Here’s what happened: I was attending a PK party with the intention of carefully watching a woman who claimed to have previously bent the bowl of a soup spoon. I too was holding a large, heavy soup spoon, mimicking her hand movements to get a better feel for what she might have been doing.

While watching her intensely, I heard someone shout, “Look what you’ve done!” I looked up to see what the commotion was about, and someone said no, look at what I had done. I had somehow bent the bowl of the spoon I was holding about 90 degrees. I immediately checked my congers to see if I had unconsciously used force, because it would have taken an enormous effort to create that bend and the effort would have left clear indentations on my fingers. There were no signs of force.

Then someone shouted, “Bend it all the way!”

To my surprise the bowl felt soft, like putty, so I pinched it with a thumb and forefinger. After the bowl folded over, it stiffened, and within a few seconds it became as hard as steel. The spoon felt cool to the touch, the bent portion was shiny smooth, and there were no signs of metal fatigue. I still have that spoon sitting on my shelf; it mocks me every time I glance at it, and it reminds me about a peculiar experience that I might have otherwise suppressed.
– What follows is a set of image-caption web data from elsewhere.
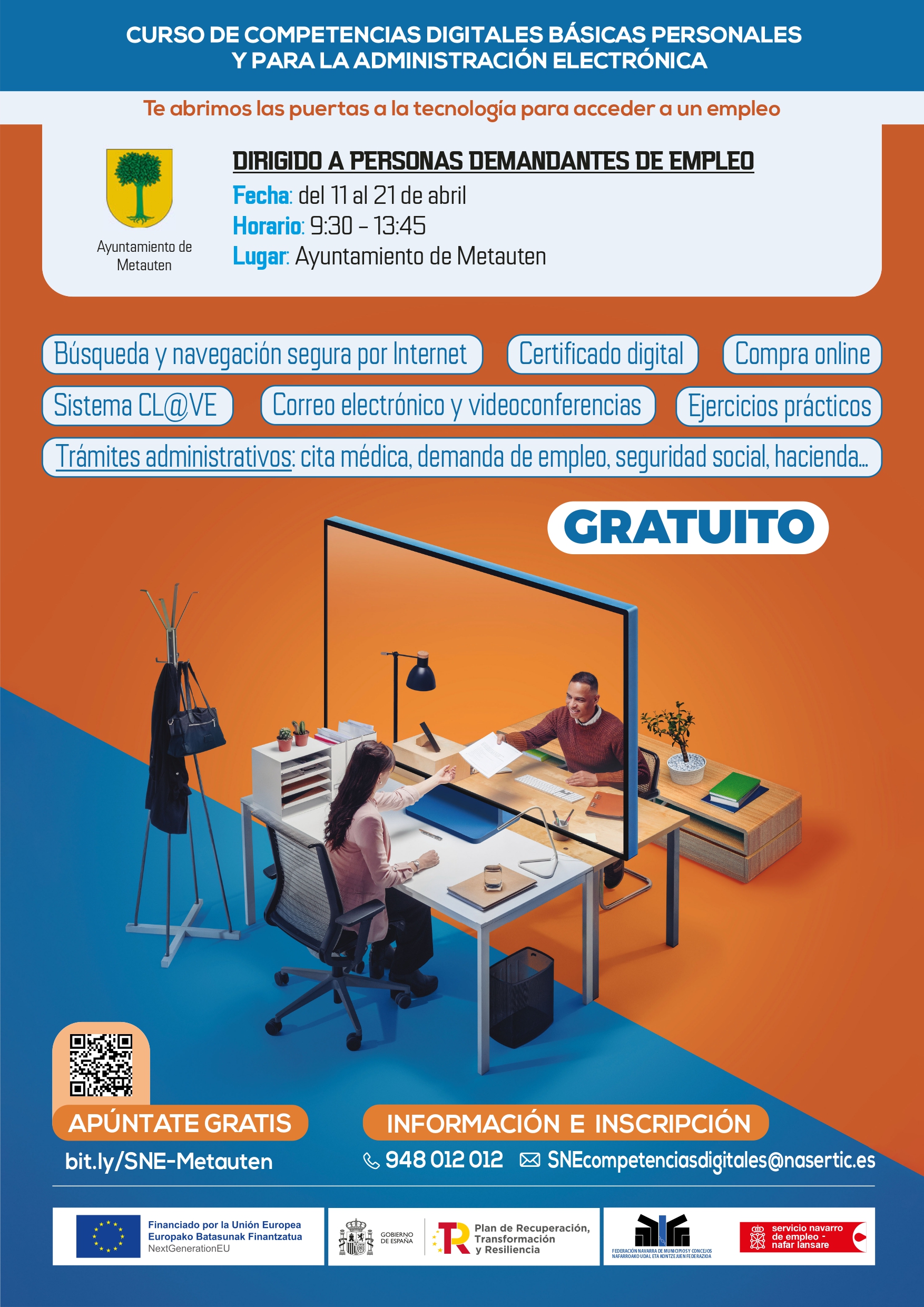 COMPETENCIAS DIGITALES BÁSICAS COMPETENCIAS DIGITALES BÁSICAS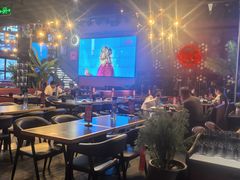 -胡桃里乐队酒馆(鎏嘉码头店)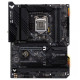 ASUS TUF GAMING Z590-PLUS WIFI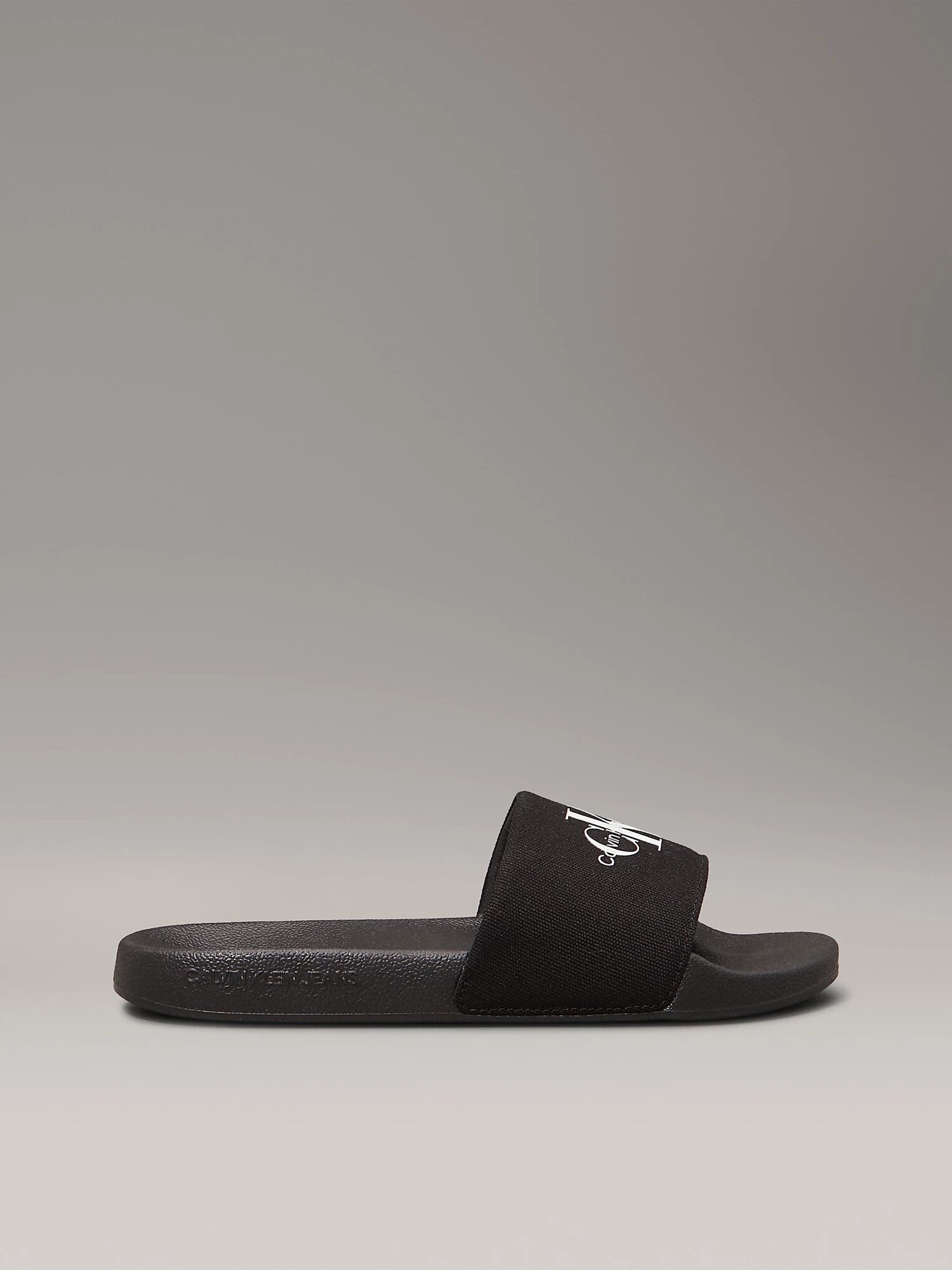 Шлёпанцы Calvin Klein Jeans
Later I tested if I could achieve the same bend on the same model spoon without causing damage to my fingers or hands. I couldn’t budge it, regardless of how hard I tried. I suppose it’s possible that metal can behave strangely under certain conditions that might be catalyzed by handling, but I’ve never seen a piece of cutlery act that way in ordinary use, from freezing cold to boiling hot, or with shallow or heavy pressure. Nor have I been able to repeat the effect. So I can’t explain how this happened, nor do I present it as evidence for macro-PK. But it did happen.